“The proposed agent to carry out this scheme is the area’s community colleges. This will not work.”
I WAS SURPRISED to hear the notion of a Freshman Foundation Program had already been discussed and proposed as a key part of PTP's initiative to launch the Triad into national design prominence. Foundation courses, which would form a common education for students destined to study architecture, publishing design, interior design, fashion, film, ceramics, etc. has been core to the success of such professional art schools like Rhode Island School of Design, my alma mater.

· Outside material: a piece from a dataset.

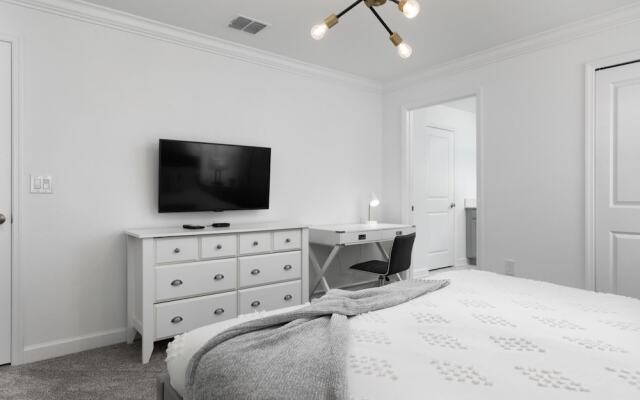 Chic Retreat - Unforgettable Stay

The proposed agent to carry out this scheme is the area's community colleges. This will not work. While they are adept at rapidly training workers based on employers' demands, these two-year institutes don't have the structure or resources to support a true foundation program. For example, the central idea of the foundation concept is that students are involved in intense, first year general design courses before specializing. The historic strength of a community college education is its rapid turnaround and entry of its graduates into the workforce. Courses are structured to move as quickly as possible, concentrating on current industry practices and history, criticism and theory are glossed over in order to cover as much ground as possible. But in a four-year art school, foundation courses are taught by foundation faculty, not drawn from faculty members already specialized in Web publishing, game design, fashion design, or architecture. Meaning, the faculty who teach foundation are committed to the integrity of Design as a process and way of thinking. They are not committed to any industry standard or software or the trends of any particular specialization.
At RISD, I took two- and three-dimensional design, drawing, photography and a materials course. All the courses were about the development of a student's critical language and skills, understanding of process, history, craftsmanship, and materials. The purpose of the faculty teaching these courses was not to prep students to be good architects, filmmakers or glassblowers. It was to inculcate us with a sense of mission, purpose, and seriousness about what we were doing, and to clear our heads of preconceptions and other obstacles to creativity. Of the many artists, designers and teachers I met and studied under at RISD and Yale, RISD's Freshman Foundation faculty left the greatest impression on me.
It is arguable, too, whether any Triad university or college is in a position to offer a real foundation program. University classes require prerequisites and oblige students to take basic courses, but without a dedicated, experienced foundation faculty, single philosophy, and concentrated time frame, the result tends to produce graduates who are good specialists but who lack the kind of range, vision, and thinking that could rocket the area to national prominence.
Another way to look at the sturdiness of the commitment to teach Foundation is to examine the commitment to staffing. An administrator's solution, especially in this disastrous economic downturn, will probably be to redirect faculty who've previously taught their specialization to now teach Foundation. Instructors with years of professional and educational experience doing one thing would then be set on an entirely new track into (for faculty who have never themselves learned or taught under a foundation program) foreign land.
It's tempting to kick these sorts of issues down the road, but without addressing them now it raises questions about the ultimate success of the endeavor.